Our typical weekend does not usually begin with elbowing our way through thousands of people, in search of both ammunition and a little house-protector in the form of a 20 gauge shotgun, but today, unfortunately, it did.
–Let me just take a moment right here to emphasize that gardening and cooking are not the sum of the parts of me, and yes, I am both right-leaning and a gun owner/collector/shooter. Some individuals on Twitter seem to have alternate conceptions and decided I needed unfollowing after tweeting about our difficulties finding ammo today. Or hell, maybe that was just the Last Boring Tweet they could stand and it’s pure coincidence. Either way, I am who I am and apologize to no one for any of it.–
This was the line outside our local downtown event center at 9:30-ish this morning:
There were at least triple that many people already inside, and while gun show crowds are, by definition, vastly more polite than crowds encountered anywhere else, getting through that mass of asses and elbows – with both kids in tow – had me (and my PMS) snarling.

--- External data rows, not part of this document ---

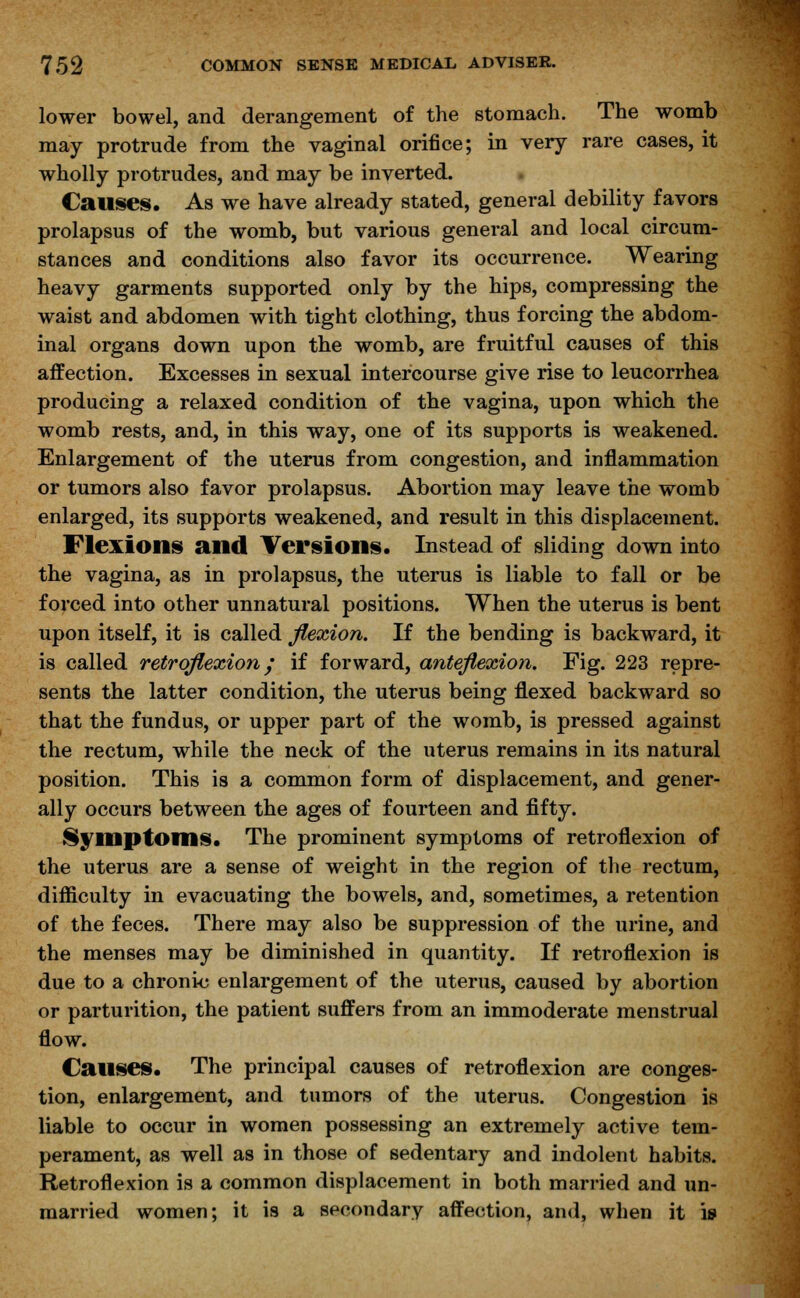 lower bowel, and derangement of the stomach. The womb may protrude from the vaginal orifice; in very rare cases, it wholly protrudes, and may be inverted. Causes. As we have already stated, general debility favors prolapsus of the womb, but various general and local circum- stances and conditions also favor its occurrence. Wearing heavy garments supported only by the hips, compressing the waist and abdomen with tight clothing, thus forcing the abdom- inal organs down upon the womb, are fruitful causes of this affection. Excesses in sexual intercourse give rise to leucorrhea producing a relaxed condition of the vagina, upon which the womb rests, and, in this way, one of its supports is weakened. Enlargement of the uterus from congestion, and inflammation or tumors also favor prolapsus. Abortion may leave the womb enlarged, its supports weakened, and result in this displacement. Flexions and Versions. Instead of sliding down into the vagina, as in prolapsus, the uterus is liable to fall or be forced into other unnatural positions. When the uterus is bent upon itself, it is called flexion. If the bending is backward, it is called retroflexion/ if forward, anteflexion. Fig. 223 repre- sents the latter condition, the uterus being flexed backward so that the fundus, or upper part of the womb, is pressed against the rectum, while the neck of the uterus remains in its natural position. This is a common form of displacement, and gener- ally occurs between the ages of fourteen and fifty. Symptoms. The prominent symptoms of retroflexion of the uterus are a sense of weight in the region of the rectum, difficulty in evacuating the bowels, and, sometimes, a retention of the feces. There may also be suppression of the urine, and the menses may be diminished in quantity. If retroflexion is due to a chronic enlargement of the uterus, caused by abortion or parturition, the patient suffers from an immoderate menstrual flow. Causes. The principal causes of retroflexion are conges- tion, enlargement, and tumors of the uterus. Congestion is liable to occur in women possessing an extremely active tem- perament, as well as in those of sedentary and indolent habits. Retroflexion is a common displacement in both married and un- married women; it is a secondary affection, and, when it is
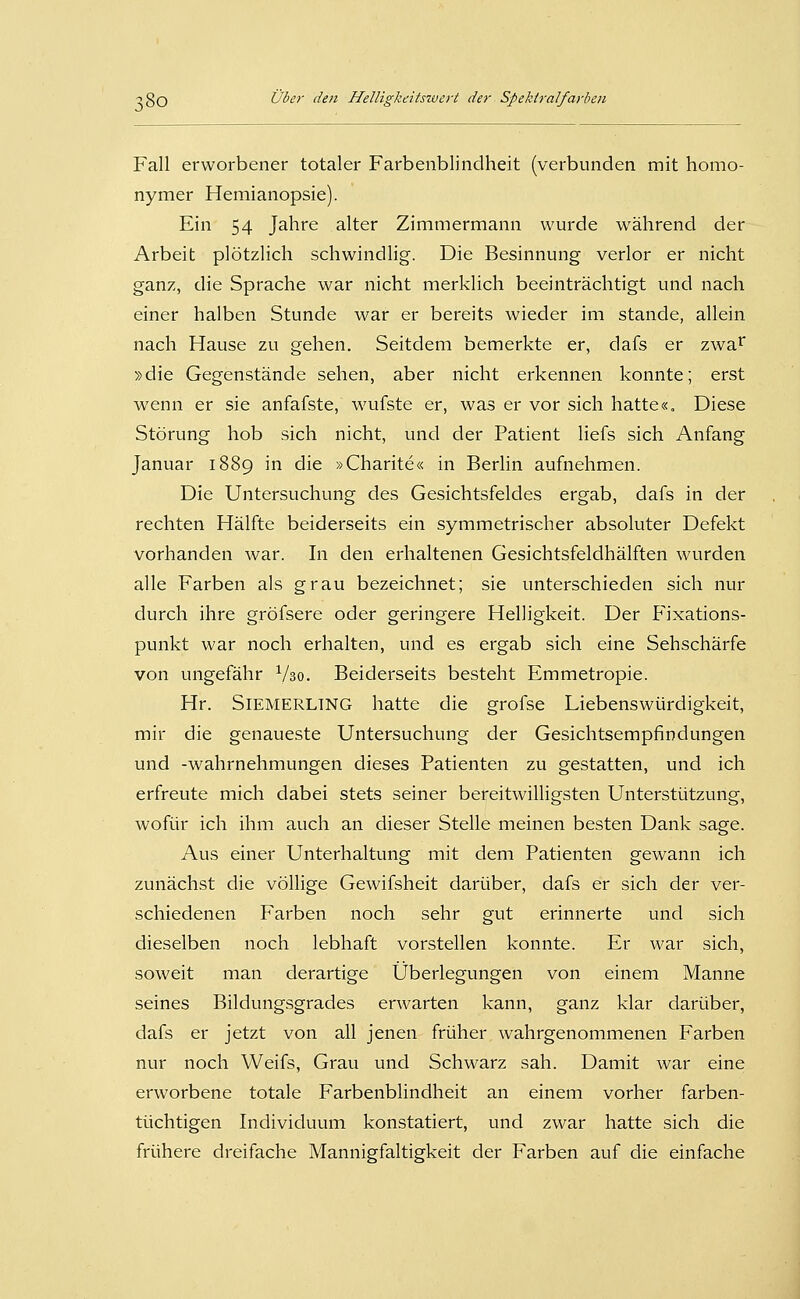 Fall erworbener totaler Farbenblindheit (verbunden mit homo- nymer Hemianopsie). Ein 54 Jahre alter Zimmermann wurde während der Arbeit plötzlich schwindlig. Die Besinnung verlor er nicht ganz, die Sprache war nicht merklich beeinträchtigt und nach einer halben Stunde war er bereits wieder im stände, allein nach Hause zu gehen. Seitdem bemerkte er, dafs er zwa^^ »die Gegenstände sehen, aber nicht erkennen konnte; erst wenn er sie anfafste, wufste er, was er vor sich hatte«. Diese Störung hob sich nicht, und der Patient Hefs sich Anfang Januar 1889 in die »Charite« in Berlin aufnehmen. Die Untersuchung des Gesichtsfeldes ergab, dafs in der rechten Hälfte beiderseits ein symmetrischer absoluter Defekt vorhanden war. In den erhaltenen Gesichtsfeldhälften wurden alle Farben als grau bezeichnet; sie unterschieden sich nur durch ihre gröfsere oder geringere Helligkeit. Der P'ixations- punkt war noch erhalten, und es ergab sich eine Sehschärfe von ungefähr Vso. Beiderseits besteht Emmetropie. Hr. SiEMERLTNG hatte die grofse Liebenswürdigkeit, mir die genaueste Untersuchung der Gesichtsempfindungen und -Wahrnehmungen dieses Patienten zu gestatten, und ich erfreute mich dabei stets seiner bereitwilligsten Unterstützung, wofür ich ihm auch an dieser Stelle meinen besten Dank sage. Aus einer Unterhaltung mit dem Patienten gewann ich zunächst die völlige Gewifsheit darüber, dafs er sich der ver- schiedenen Farben noch sehr gut erinnerte und sich dieselben noch lebhaft vorstellen konnte. Er war sich, soweit man derartige Überlegungen von einem Manne seines Bildungsgrades erwarten kann, ganz klar darüber, dafs er jetzt von all jenen früher wahrgenommenen Farben nur noch Weifs, Grau und Schwarz sah. Damit war eine erworbene totale Farbenblindheit an einem vorher farben- tüchtigen Individuum konstatiert, und zwar hatte sich die frühere dreifache Mannigfaltigkeit der Farben auf die einfache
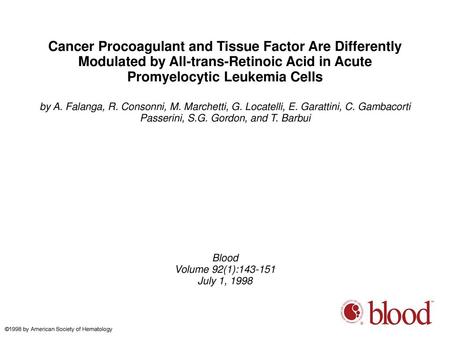 Cancer Procoagulant and Tissue Factor Are Differently Modulated by All-trans-Retinoic Acid in Acute Promyelocytic Leukemia Cells by A. Falanga, R. Consonni,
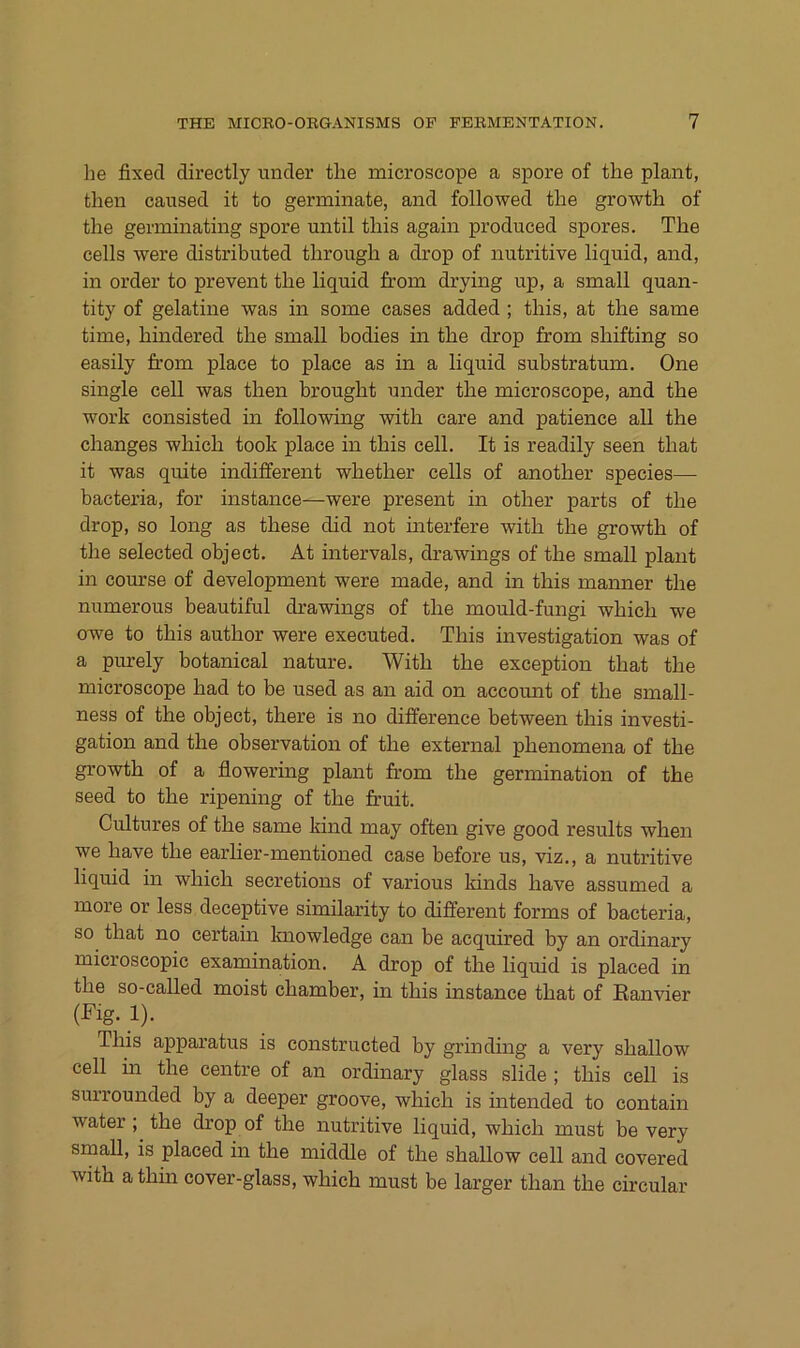 he fixed directly linder the microscope a spore of the plant, then caused it to germinate, and followed the growth of the germinating spore until tliis again produced spores. The cells were distributed through a drop of nutritive liquid, and, in Order to prevent the liquid from drying up, a small quan- tity of gelatine was in some cases added ; this, at the same time, hindered the small bodies in the drop from shifting so easily from place to place as in a liquid substratum. One single cell was then brought under the microscope, and the Work consisted in following with care and patience all the changes which took place in this cell. It is readily seen that it was quite indifferent whether cells of another species— bacteria, for instance—were present in other parts of the drop, so long as these did not interfere with the growth of the selected object. At intervals, drawings of the small plant in course of development were made, and in this manner the numerous beautiful drawings of the mould-fungi which we owe to this author were executed. This investigation was of a purely botanical nature. With the exception that the microscope had to be used as an aid on account of the small- ness of the object, there is no difference between this investi- gation and the Observation of the external phenomena of the growth of a flowering plant from the germination of the seed to the ripening of the fruit. Cultures of the same kind may often give good results when we have the earlier-mentioned case before us, viz., a nutritive liquid in which secretions of various kinds have assumed a more or less deceptive similarity to different forms of bacteria, so that no certain Imowledge can be acquired by an ordinary microscopic examination. A drop of the liquid is placed in the so-called moist chamber, in this instance that of Eanvier (Fig. 1). This apparatus is constructed by grindmg a very shallow cell in the centre of an ordinary glass slide ; this cell is surrounded by a deeper groove, which is intended to contain water; the drop of the nutritive liquid, which must be very smaU, is placed in the middle of the shallow cell and covered with athin cover-glass, which must be larger than the circular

So, what better way to decompress than to come home (attempt and fail miserably at a nap) and dig in the dirt.
Several of the romanescos were ready to harvest today:
We like these very much. Lots of crunch, and a nice, mild broccoli flavor. The perplexing thing is the enormous plant that produces the lovely fractal heads…once they’ve produced ONE head, they’re done! This enormous, HEAVY plant has nothing left to give, it has to be yanked up and composted at this point.
Oh well, they’ll make some damnfine compost.
In other news…
One of the pitcher plants is about to grace us with a blossom:
Yep, they actually bloom!
The carrot spirals are going strong:
And the myriad greens are ready for scissor-cutting. This is Green Lance and Galisse:
This is Yukina Savoy:
The Green Lance has a very mild spinach flavor/texture (and actually can grow taller, eat the stems like broccoli), the Galisse a beautiful butterhead texture/flavor, and the Yukina Savoy has a stiff texture with a stronger spinach-y flavor. Together, they make one damnfine salad:
We shredded the leaves to remove stems on all but the Galisse, threw in some romanesco sprigs, and tossed it with an Italian vinaigrette to go with our pasta. The Boychild – notoriously picky about salad lately – ate every shred. And the very biggest benefit…I am not running to the bathroom as would have happened with store-bought salad. TMI, yeah, but hey, compelling evidence in the argument to grow your own.